The intuition: a neural net that scores every move

Imagine a chess clock that, for any board you show it, instantly prints a number next to each legal move — the expected total reward if you play that move and then keep playing well. Pick the highest number, repeat, and you play near-optimally without ever planning ahead. That number is the action-value, written Q(s, a): the expected discounted return from taking action a in state s and acting greedily thereafter.

Classic Q-learning stores those numbers in a table — one cell per state-action pair. That works for grid-worlds with a few thousand states. It collapses the instant the state is an image. An Atari screen is roughly 210×160 pixels with 128 colors; the number of distinct screens dwarfs the number of atoms in the universe. You cannot tabulate it, and even if you could, you would never visit the same screen twice to fill a cell.

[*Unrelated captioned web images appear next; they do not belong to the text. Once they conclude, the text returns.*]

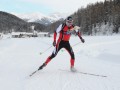 17 ski ol val mustair 873 Kappenberger Andrin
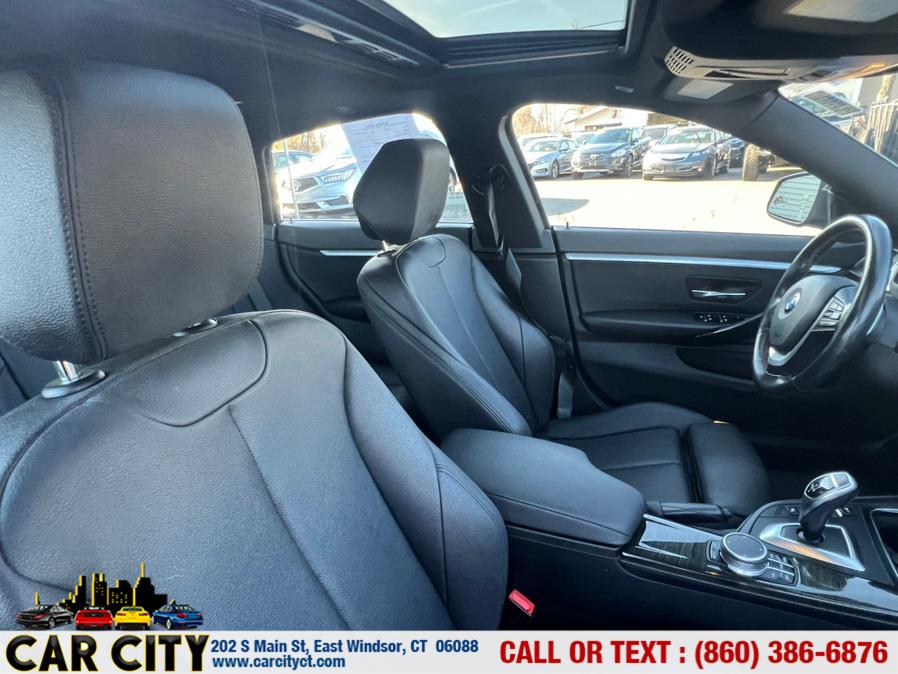 2019 BMW 4 Series 430i xDrive Gran Coupe, available for sale in East Windsor, Connecticut | Car City LLC. East Windsor, Connecticut 2019 BMW 4 Series 430i xDrive Gran Coupe, available for sale in East Windsor, Connecticut | Car City LLC. East Windsor, Connecticut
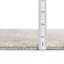 Tapis chypre Chypre CH8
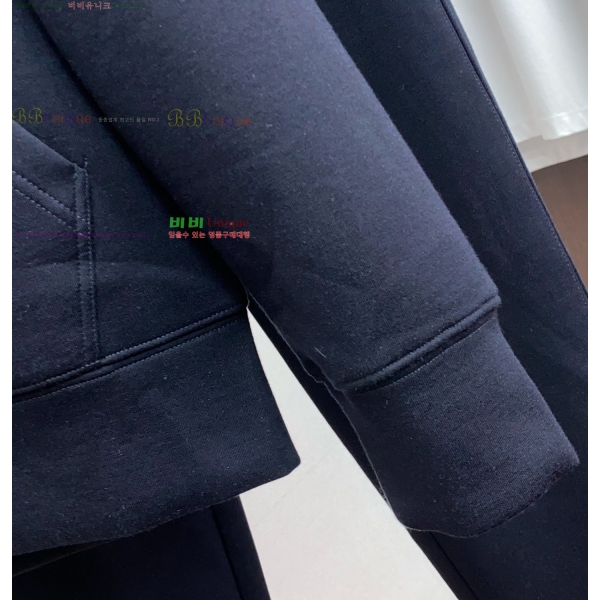 ���� ���ڷ� ��ġ�ڸ� ��Ʈ BC264753-2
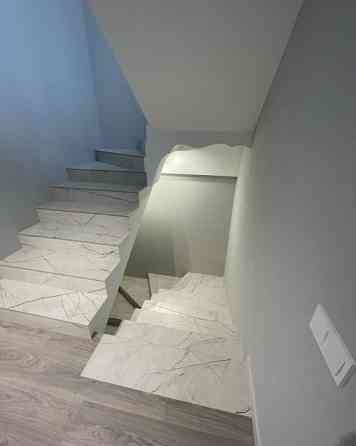 Ремонт квартир и домов под ключ Кривой Рог Кривий Ріг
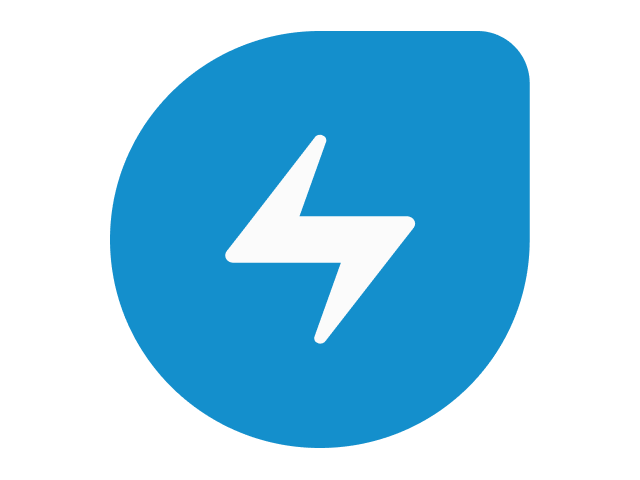 freshservice-logo-01 freshservice
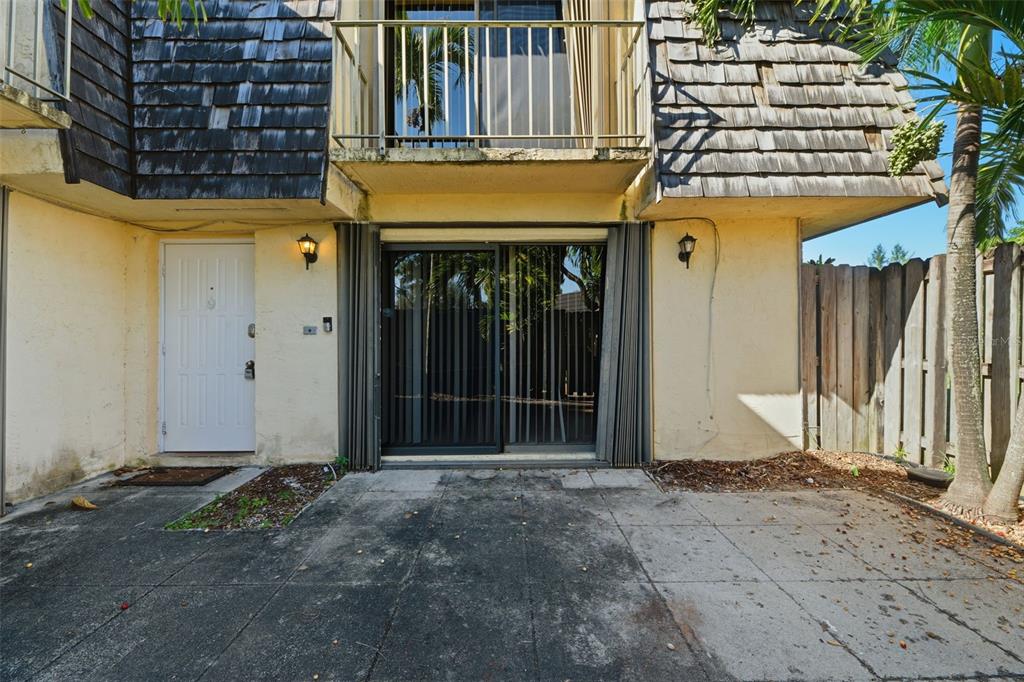 238 WOODLAND ROAD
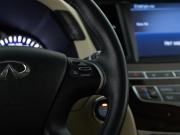 Infiniti QX60 I Рестайлинг Москва  - изображение 46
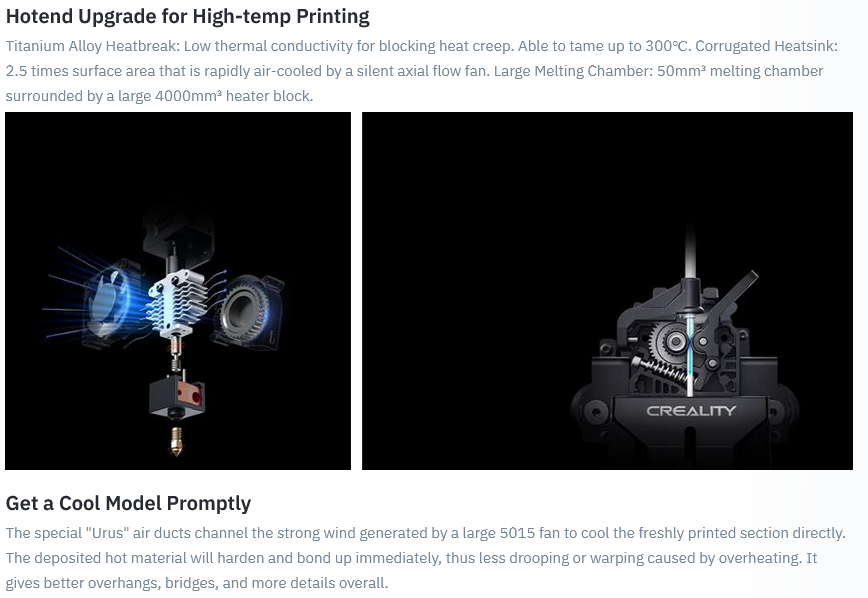 Screenshot-2022-12-29-at-10-58-10-Creality-Ender-5-S1-3D-Prima-3D-Printers-and-filaments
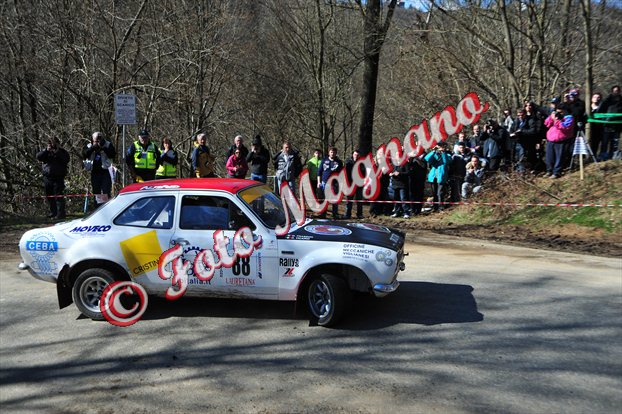 DSC_4296.jpg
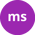 Miguel Santos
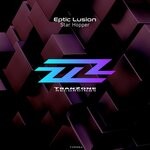 cover: Eptic Lusion - Star Hopper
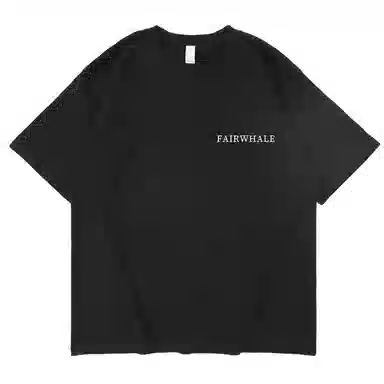FAIRWHALE T
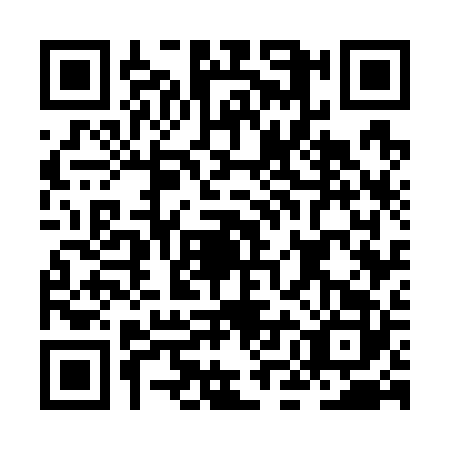 QR code for JMG7220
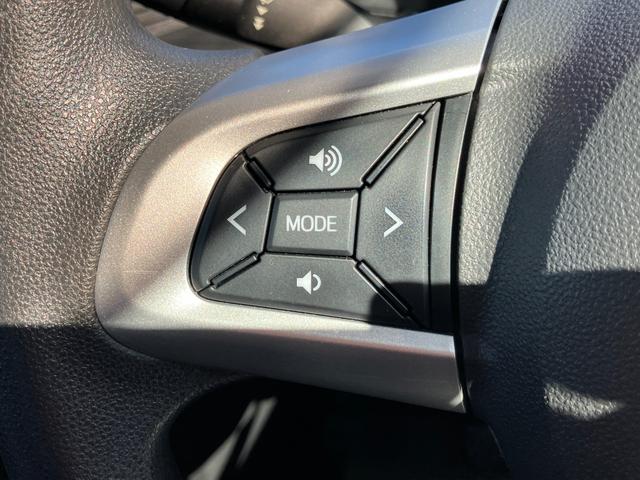 ムーヴカスタム　Ｘ　ＳＡ１４インチアルミホイール　スーパーＵＶＩＲカットガラス　ウレタンステアリングホイール　ウレタンインパネセンターシフト　ＬＥＤヘッドライト　キーフリーシステム　プッシュボタンスタート（静岡県）の中古車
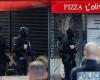 Known to the police, drug addict… The profile of the suspect in the Issy-les-Moulineaux hostage-taking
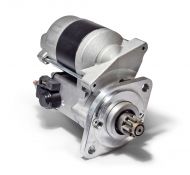 RAC525 High Torque Starter Motor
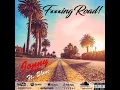 Download Lagu Jonny Cake feat Shine - F***king Road | Explicit |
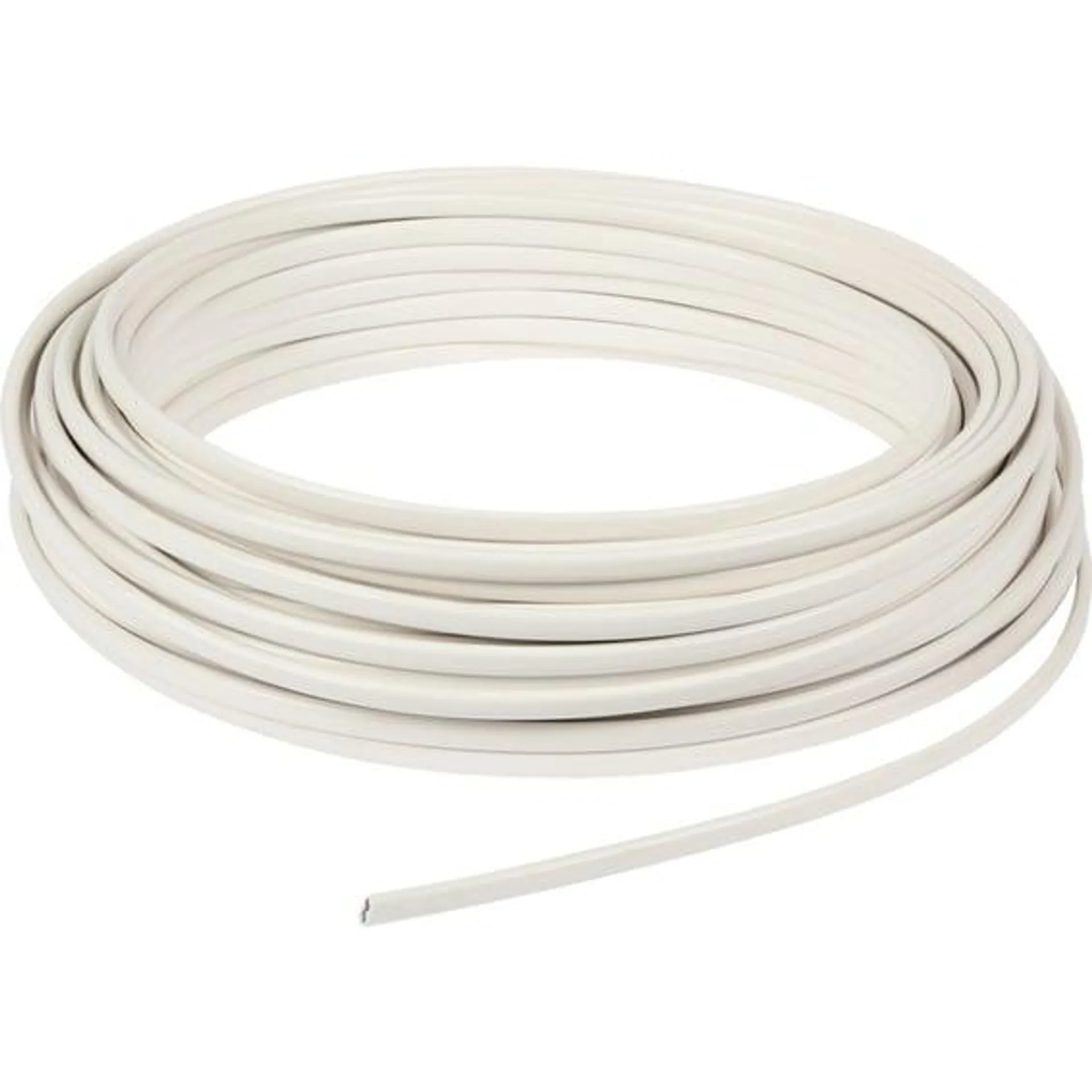 Namron Downlightkabel FKX 90 2X1,5mm² Snelle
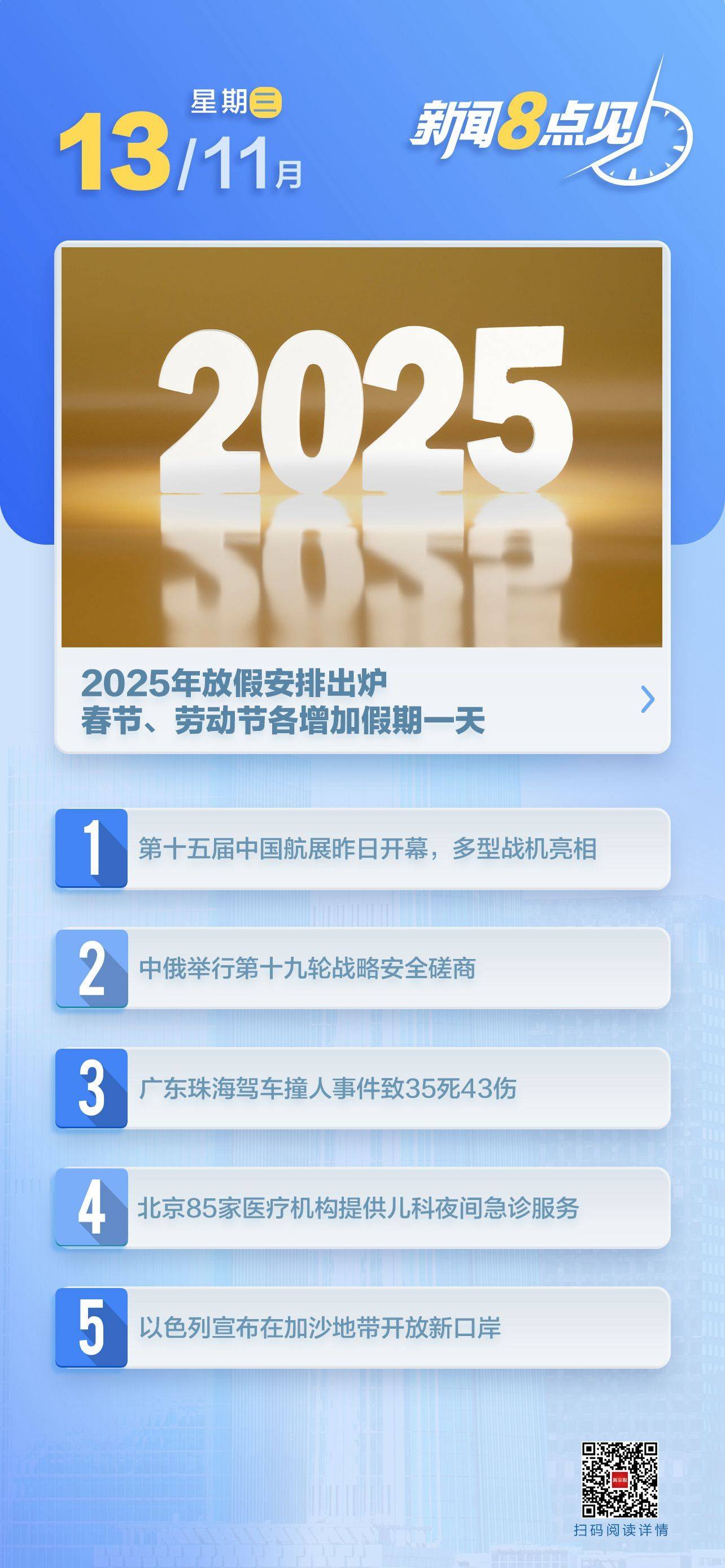 中国今日新闻十条（11月28日），中国今日新闻概览（11月28日）十条最新资讯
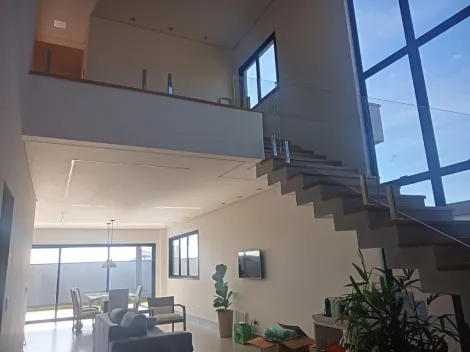 imagem 4 - Casa ótima! / Condomínio Reserva Aruanã / Bairro Floresta / 04 Dormitórios / 272m² / São José dos Campos imagem 4 - Casa ótima! / Condomínio Reserva Aruanã / Bairro Floresta / 04 Dormitórios / 272m² / São José dos Campos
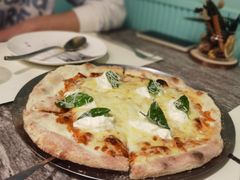 -SHADOWS•Bistro&Eatery(安福路店)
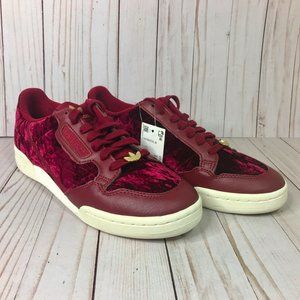 adidas | Shoes | Adidas Continental 8 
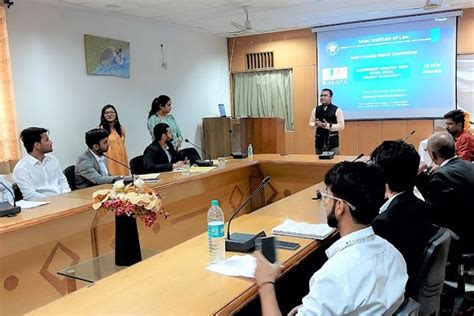 Ishan Educational Institutions Greater Noida Campus: Photos, Virtual Tour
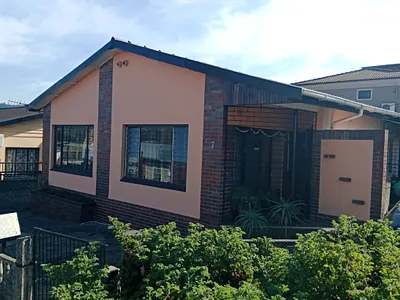4 Bedroom House For Sale in Pietermaritzburg - vjos.webp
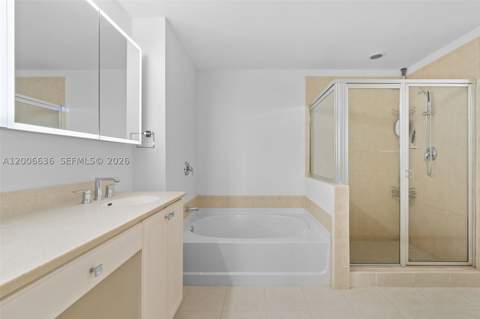 3340 NE 190th St 403, Aventura FL - photo 12 of 71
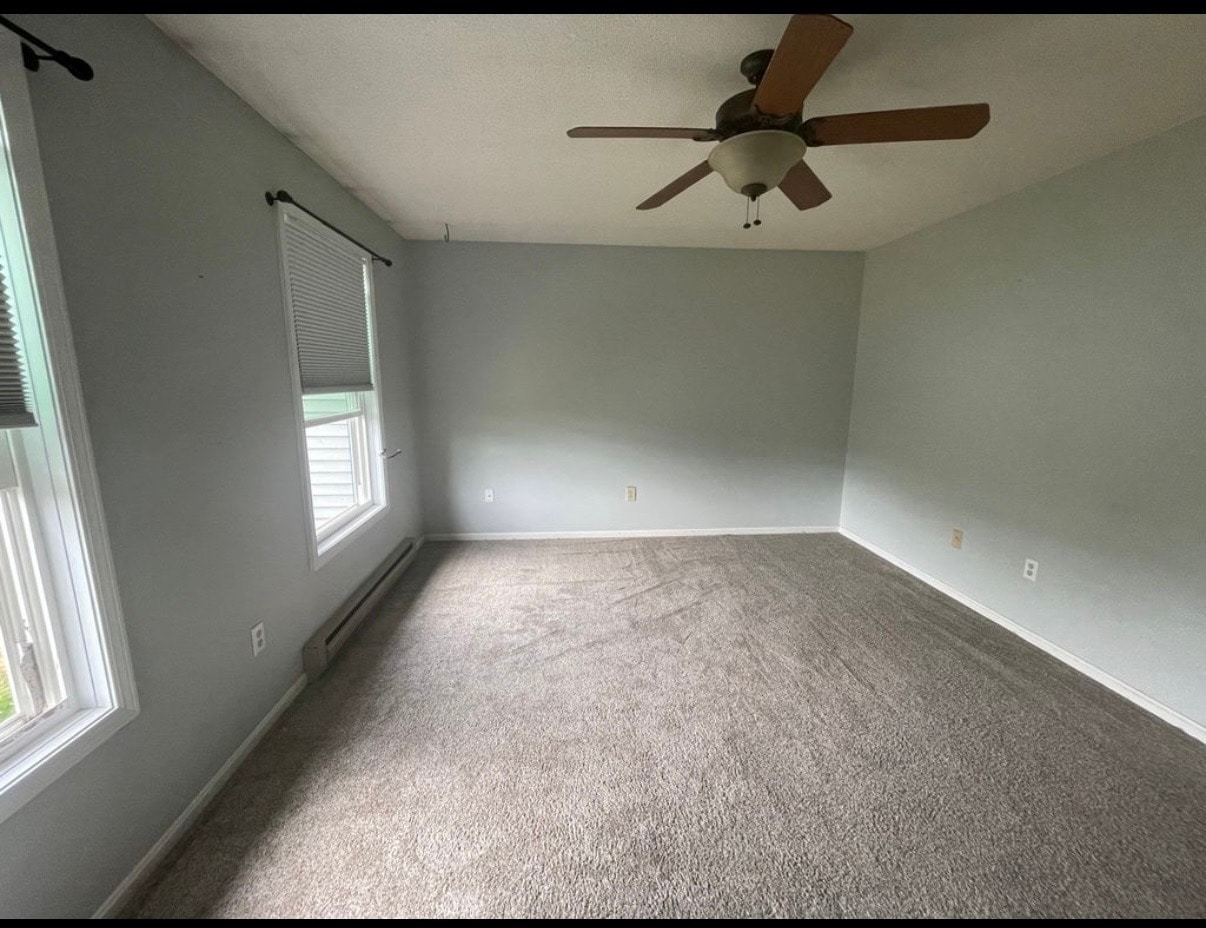 Building Photo - 149 Ledgewood Cir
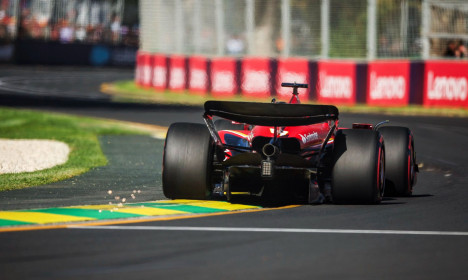 GP-Australia-2024-Ferrari-win-8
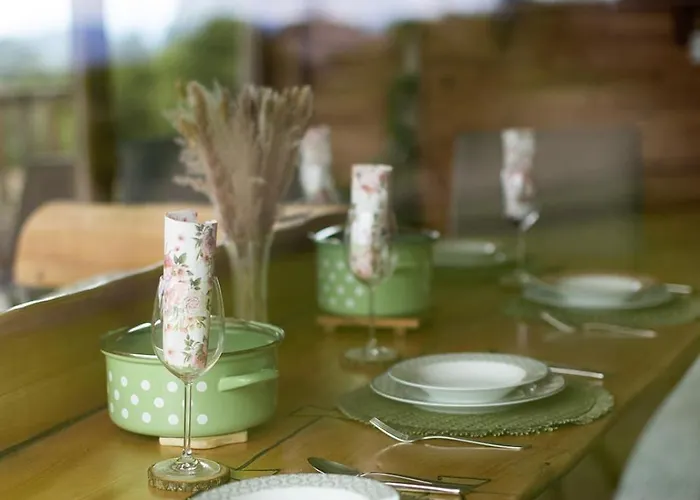 Ernest Zelezni With Hot Tub *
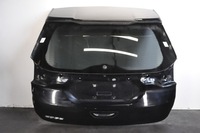 фото thumb №1, Ford edge mk2 кришка багажника багажника задня задня g1 2015-2018r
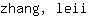 z***i
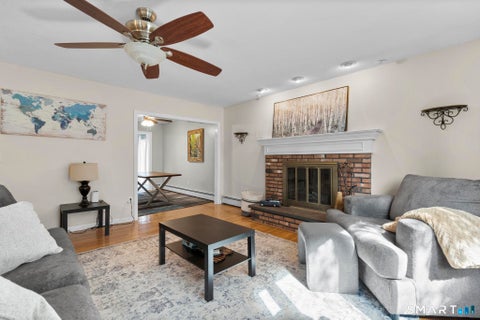 Tiny photo for 3 Benz Street, Ansonia, CT 06401 (MLS # 24207748)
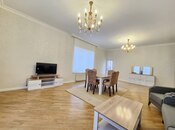 Сдаётся 3-комн. новостройка 150 м², Насиминский  р., photo 3 from 8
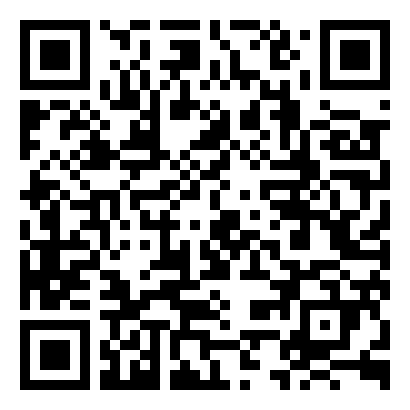 移动端二维码 - 《彩窝》万宁东茗苑。新装修，家具家电齐全都是新的，拎包入住 - 金华分类信息 - 金华28生活网 jh.28life.com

DQN's move is to replace the table with a function approximator: a convolutional neural network Q(s, a; θ) that takes the raw pixels in and emits one value per action out. Pixels in, action-values out, one forward pass. Because the network shares features across similar screens, it generalizes — it can score a screen it has never seen by analogy to ones it has. That single substitution, plus two stabilizers we will get to, is the whole idea. DeepMind's 2013 workshop paper and the 2015 Nature article "Human-level control through deep reinforcement learning" turned it from idea into the result that launched modern deep RL.

How DQN works, step by step

DQN is Q-learning with three changes: a network instead of a table, a replay buffer instead of on-line updates, and a frozen copy of the network to compute targets. Here is the loop the agent runs on every step.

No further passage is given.